Based on rising running trends seen in the tail end of 2015, here’s what we predict will be popular or will change within the sport for 2016:
1. It’s an Olympic year
Every four years, the American consciousness pays a little bit more attention to competitive running, especially when U.S. runners are in the limelight. Even if you’re not a total running geek, this will be a great year to be inspired by running—for both your own racing goals as well as the world-class runners who will be racing in this summer’s Olympics in Rio de Janeiro. Watching and reading about top-tier Americans like Kara Goucher, Galen Rupp, Meb Keflezighi, Desi Linden and other world-class international runners can motivate you to go the extra mile in your own running pursuits.
2. Anybody can run a half marathon
If you haven’t run a half marathon yet—or if you want to run your next one faster—this is your year! The half marathon has become the most popular long-distance race, with more than 2 million finishers recorded for 2014, because it’s a big challenge that requires training and dedication, and yet it’s not physically, mentally and emotionally overwhelming as the marathon can be.

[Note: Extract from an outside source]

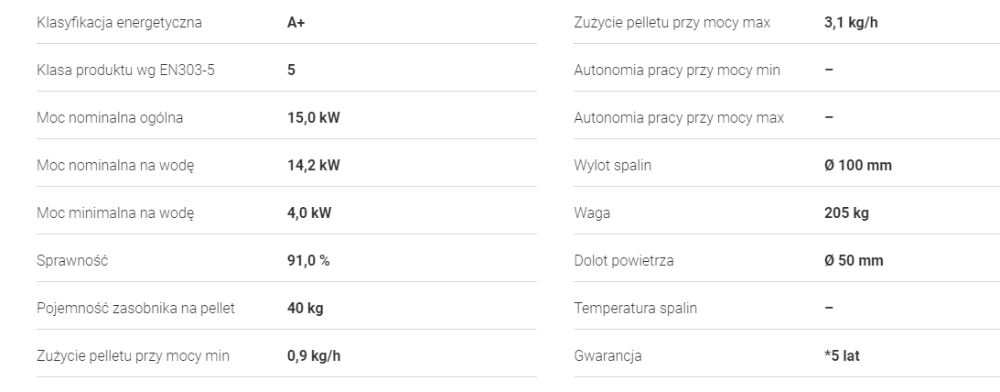 Kocioł na pellet Kepo MC 15/20/25 kW, piec, kotły, pellet,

3. The marathon still matters
Just about anybody can run a marathon, but only those who are willing to endure a 16-week training plan and do all of the extra work (drills, core strength, speed work, nutrition) should actually run a marathon. That being said, because it’s an Olympic year, there will be plenty of buzz about the U.S. Olympic Trials Marathon on Feb. 13 and the marathon during the Rio Olympics, which will inspire many to test their mettle over 26.2 miles this year.
4. Ultrarunning is the new Ironman
Years ago, the marathon was considered a top-of-the-pyramid goal for many recreational runners. But then many went in search of something more and found Ironman triathlons to be the next big thing. Now ultrarunning has become the “what’s next?” endeavor for many endurance fiends. And while finishing a 50K, 50-mile, 100K or 100-mile race is a huge accomplishment, the trend is already leaning toward tackling the most challenging races that can be found.
5. Next-level wearable tech
The next generation of running tech is upon us. Instead of just counting steps and miles, modern products like Stryd, RunScribe, Ambiorun and Lumo Run will be able to monitor information like power output, running efficiency, force impact and stride deficiencies. Tech-enhanced shoes from Under Armour and Altra—shoes that automatically track your distance, pace and cadence—are expected to hit the market by late winter.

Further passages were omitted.